AutoSport (AS): Como foi a estreia com um Rally2 depois de vários anos a correr de 2RM?
Henrique Moniz (HM): “Foi muito bom. Acho que as coisas correram muito bem. A adaptação correu bem, apesar de ainda sentir que tenho alguns vícios das duas rodas motrizes. Temos de trabalhar mais para tentar eliminar esses pequenos vícios, mas, no geral, em algumas secções das classificativas já consegui ser rápido, ter um bom ritmo e fazer bem as linhas de trajetória com o 4×4. Agora é continuar a trabalhar para melhorar. Vamos testar novamente em breve para continuar a nossa adaptação ao carro, para ver se chegamos ao Rali Terras d’Aboboreira com um ritmo um pouco mais alto.”
AS: Já tinhas testado o carro, mas agora em competição é diferente. Qual foi o maior “choque” neste primeiro rali: a tração, a travagem ou o chassis, face ao que estavas habituado? No que sentiste mais diferença?
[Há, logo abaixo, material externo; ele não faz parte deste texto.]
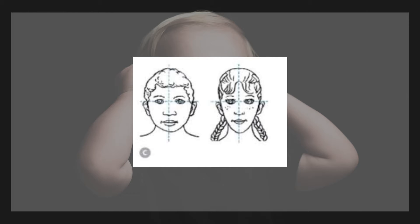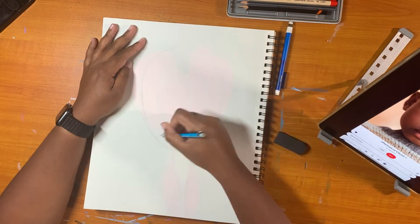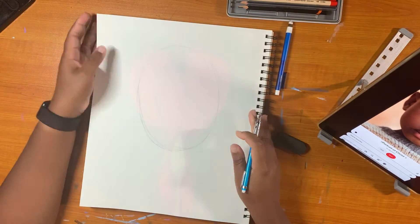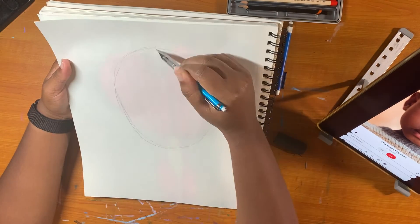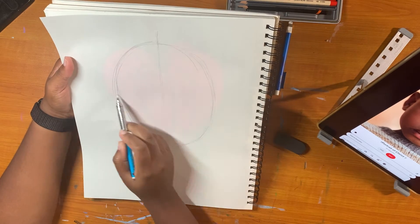Most people's eyes are almost halfway between the bottom of the chin and the top of the head. When you draw a line down the middle of a face, the two halves are mirror images of each other.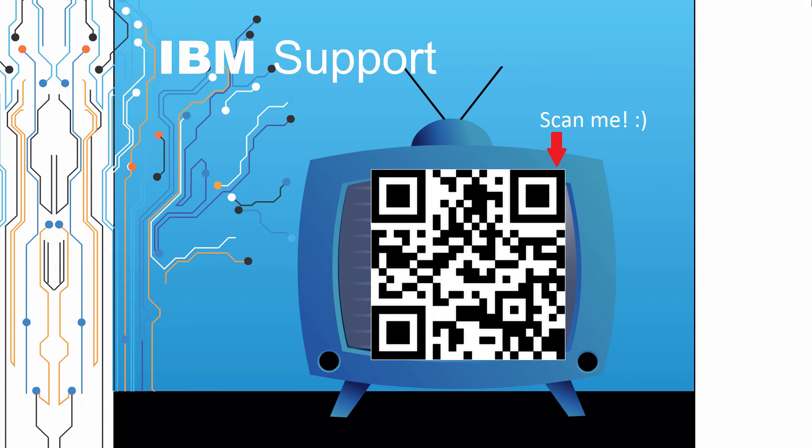Thanks for watching this episode of IBM Support TV. Please leave a comment with topics you would like to see in future episodes. Until then, stay tuned.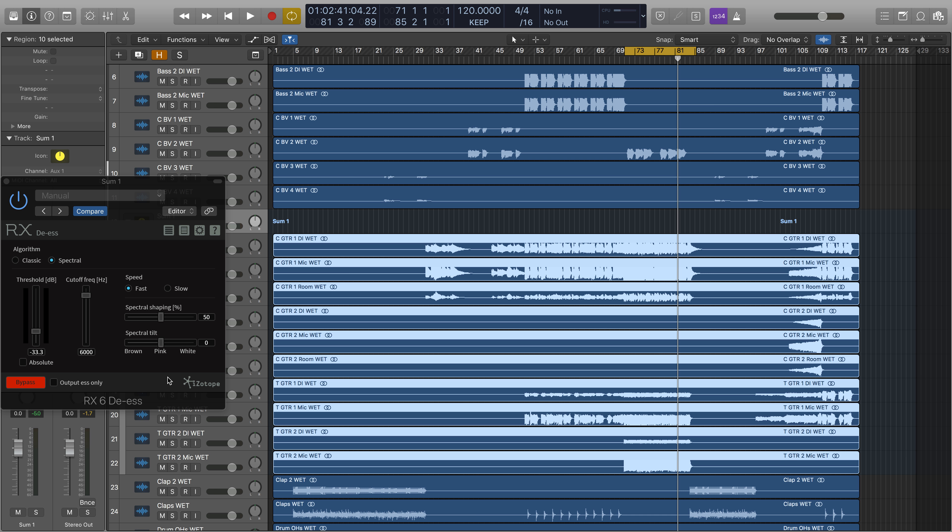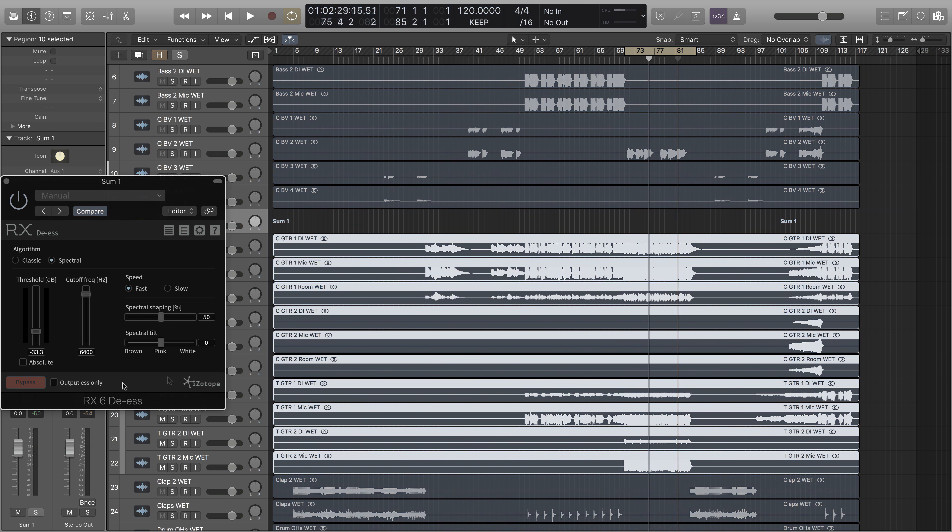Let's do a before and after, first soloed, and then in the mix.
HM: “Principalmente, a travagem. A travagem destes carros é impressionante. Num teste vamos experimentando sempre mais um pouco e melhorando, mas sempre no mesmo troço. É muito mais fácil encontrar o ponto ideal de travagem, de aceleração e de inserção nas curvas. Mas no rali, em que passamos só uma vez, temos de fazer bem logo à primeira. Aquilo que nos surpreendeu mais foi a travagem do carro, porque temos de acreditar que vamos parar o carro num curto espaço, vindo muito mais depressa do que nos outros carros. É difícil e é aquilo que, para já, sinto mais dificuldades. Mas claro, com quilómetros e com mais ritmo competitivo, penso que vou conseguir eliminar essa dificuldade. Ainda assim, acho que o trabalho nesse campo ainda vai ser um pouco demorado.”
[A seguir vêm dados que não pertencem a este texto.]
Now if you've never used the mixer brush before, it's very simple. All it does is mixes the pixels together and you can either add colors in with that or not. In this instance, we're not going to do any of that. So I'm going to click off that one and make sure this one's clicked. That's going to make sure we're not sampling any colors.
AS: Era a questão que tinha para colocar: no que é que sentes que tens de trabalhar mais? Provavelmente, é nesta questão da travagem…
HM: “Sim, é. Felizmente, a Domingos Sport, em conjunto com quem nos tem ajudado nos últimos anos, já tem uma boa base de afinação. Fizemos um excelente trabalho já no primeiro teste. Agora experimentámos outras coisas no carro, que também resultaram. Fomos sempre evoluindo o carro ao longo do rali, e a base do carro, em si, já está muito boa. Essa parte deixa-me bastante tranquilo. Isso reflete também o grande esforço que a equipa faz para nos dar sempre um carro muito competitivo. Temos de trabalhar mais e já temos algumas coisas identificadas para trabalhar no próximo teste. Não tenho dúvidas de que, todos juntos, vamos conseguir ultrapassar as dificuldades.”
AS: Quais são os teus objetivos para este ano?
HM: “Este ano, o objetivo passa essencialmente por voltar a conhecer as provas, porque passar com o Peugeot 208 Rally4 é completamente diferente de passar com o Skoda Fabia Rally2 evo. É bastante diferente porque o ritmo é diferente, a atitude. Nas duas rodas motrizes temos de ser muito agressivos e confiar nas notas. Agora, com o Rally2, a sensação é que, além de ser também exigente como era nos duas rodas motrizes, aqui temos de ter outro tipo de ‘juízo’, digamos assim, porque as coisas se passam muito mais depressa e há coisas que temos de afinar também nas notas, de forma que eu possa andar mais à vontade.”
AS: Portanto, o objetivo é ir crescendo prova a prova e melhorando?
HM: “Exatamente. Temos pilotos tão bons no nacional, com palmarés que falam por si. O exemplo do Armindo Araújo, do Zé Pedro Fontes e do Ricardo Teodósio. Temos um historial de muita boa gente a dar boa conta de si e agora, além disso, ainda temos o Gonçalo Henriques e o Hugo Lopes. São tantos pilotos com mais experiência do que eu no nacional que, neste momento, honestamente, não consigo ver onde é que nos vamos situar no meio desses tubarões todos.”
AS: Vais fazer todas as provas do ano?
HM: “Não. Não vamos ao Rali de Portugal. Para nós não faz tanto sentido. Partimos muito atrás e, mesmo da parte da comunicação e divulgação dos nossos patrocinadores, não acho que faça grande sentido no meio de um espetáculo tão grande como é o WRC. Para mim faz mais sentido, eventualmente, se for possível, correr no Azores Rallye. Portanto, à partida, vamos estar fora do Rali de Portugal, mas estaremos presentes nas restantes provas do CPR.”